The “race for the exits” that we have been witnessing really is turning into a bit of a stampede, and once panic starts to spread, it can be very difficult to stop it.
So why is all of this happening?
Well, one market strategist told CNN that “something is wrong here” and that his firm cannot deny that we are in a “global slowdown”…
Markets were dinged by a batch of negative corporate and economic developments, especially weak growth numbers out of China and Europe.
“Something is wrong here. There is this global slowdown. We can’t deny it,” said Michael Block, market strategist at Third Seven Advisors, a private wealth management firm.
We most certainly are in a global economic slowdown, and this is something that I have been telling my readers for months.
On Friday, we got more troubling numbers out of China. The following comes from CNBC…
China reported industrial output and retail sales growth numbers for November that missed expectations. This is the latest sign shown by China that its economy may be slowing down. The data also underscored the rising risks to China’s economy as Beijing works to resolve an ongoing trade war with the U.S.
“The economic data continues to bear out growth is slowing,” said Tom Martin, senior portfolio manager at Globalt. “There is still a lot of positive positioning out there.
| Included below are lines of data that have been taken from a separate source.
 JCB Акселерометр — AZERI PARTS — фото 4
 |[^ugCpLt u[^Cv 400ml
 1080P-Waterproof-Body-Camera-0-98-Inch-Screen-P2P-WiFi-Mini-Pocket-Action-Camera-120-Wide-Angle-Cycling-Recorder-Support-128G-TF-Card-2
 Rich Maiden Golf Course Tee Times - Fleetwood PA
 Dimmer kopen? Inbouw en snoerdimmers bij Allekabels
As the data continues to slow, people are feeling less comfortable with that and start to sell.”
Markets tend to go down a whole lot faster than they go up, and the losses are really starting to pile up.
Here is how Zero Hedge summarized the carnage that we have witnessed over the last several months…
- Dow -10.5% from highs
- S&P -11.3% from highs – lowest weekly close since March 2018
- Nasdaq Comp -14.6% from highs
- Trannies -17.8% from highs – Nov 2017 lows, worst 2-week drop since Aug 2011
- Russell 2000 -18.5% from highs – lowest since Sept 2017
Financial stocks have been getting hit particularly hard.
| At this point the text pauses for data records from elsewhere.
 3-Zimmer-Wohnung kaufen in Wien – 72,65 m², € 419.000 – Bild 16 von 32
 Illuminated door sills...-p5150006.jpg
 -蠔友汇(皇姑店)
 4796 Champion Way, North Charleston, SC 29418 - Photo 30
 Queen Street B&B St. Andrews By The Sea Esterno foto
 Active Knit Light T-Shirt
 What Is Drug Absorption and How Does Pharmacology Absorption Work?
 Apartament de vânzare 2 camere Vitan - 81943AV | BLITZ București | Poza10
S&P financials have now declined 20.3 percent from the 52-week high, and that officially puts them in bear market territory.
Banking stocks led the way down in 2008, and now it is happening again.
This is very quickly becoming an extremely serious situation. Trillions upon trillions of dollars worth of “paper wealth” is evaporating all over the globe, and we are witnessing disappointing economic numbers just about everywhere.
We will see what happens on Wall Street next week. The second half of December is normally a very sleepy time for the markets, but that may not happen this year. Volatility has returned with a vengeance, and we have already set an all-time record in 2018 for big moves of the VIX…
Big moves have pushed the VIX to a record 13 one-day moves of more than 20 percent this year.
Over the past few years, a lot of Americans have become deeply complacent, and that is a huge mistake. Just because our long-term financial problems were delayed does not mean that they were canceled.
The truth is that nothing has changed as far as the long-term outlook is concerned. Without a doubt, we will pay a very great price for our mistakes, and a day of reckoning is inevitably coming.